One of my favorite set ups for this genre is the reluctant team up between a gritty, hard-nosed cop and a smart-ass, wise cracking criminal, and few films have done that as well as 1982’s 48 Hrs. Pairing Eddie Murphy as the height of his comedic powers with a world weary Nick Nolte helps elevate a rather standard story into a brisk, total blast of a thriller that even manages to touch on the tricky topic of race. Under the guidance of director Walter Hill, 48 Hrs. deftly balances the action and comedy, infusing the story with a layer of grit for weight, and the finished product is one of the high points of the buddy cop genre, one that laid out the template for most of the 1980s and beyond.

Heat

2. In The Heat Of The Night

When we think of this genre, we usually think of movies with a comedic edge, if not full-blown comedies, but that’s not always the case, as we see in Norman Jewison’s 1967 In the Heat of the Night. Instead of playing the mismatched pair of leads—Sidney Poitier as a northern detective and Rod Steiger as a southern police chief—for laughs, they use it to tackle the friction between the two men and examine the racial tension of the time and place. As the two have to work together to solve a murder in a racist town, they come to respect one another, and without In the Heat of the Night we wouldn’t have the likes of 48 Hrs. or the next title on the list.

Lethal

1. Lethal Weapon

I will never get too old for this shit. And never has Danny Glvoer’s Roger Murtaugh felt this more than when he partners up with suicidal widower Vietnam war veteran Martin Riggs (Mel Gibson) to track down a gang of drug dealing mercenaries who eventually kidnap Murtaugh’s oldest daughter.

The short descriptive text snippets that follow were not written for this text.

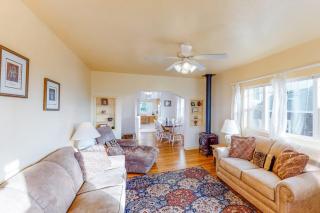 One block to the ocean & Nye Beach Sunny home with fireplace foosball & WiFi - 6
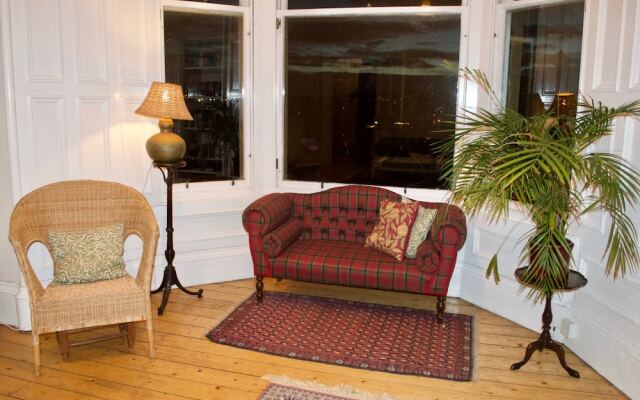 Traditional 3 Bedroom Home With Garden Access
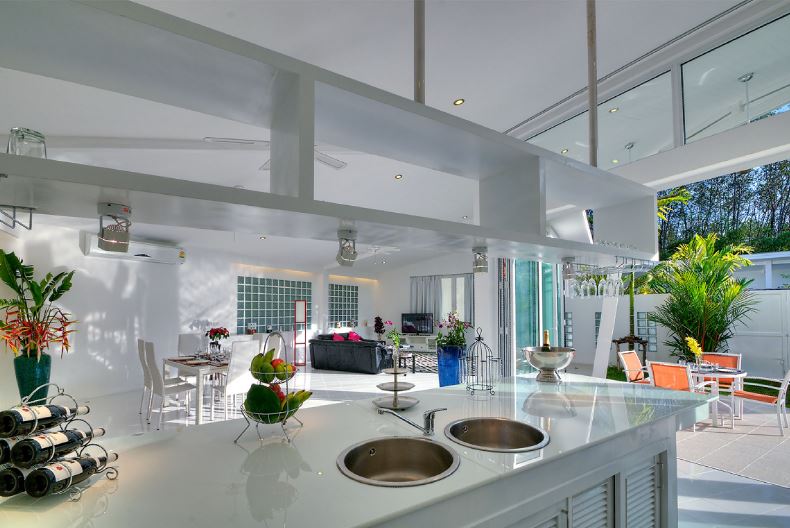 For Rent : Thalang, Luxury Private Pool Villa , 3 bedrooms 3 bathrooms. Garden View.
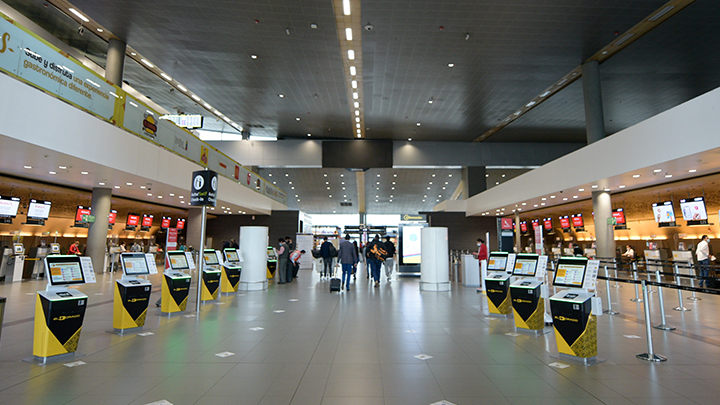 Iluminación Aeropuerto El Dorado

The two, of course, ultimately form a close bond, and while there’s fantastic action and great comedy, there’s a darkness to Richard Donner’s film, especially with Riggs’ self-destructive tendencies, that give the movie an additional heft and an emotional layer many films of this ilk lack. A ship that launched a number of sequels, Gibson and Glover became the ideal as far as buddy cops go, and Lethal Weapon is the top of the heap.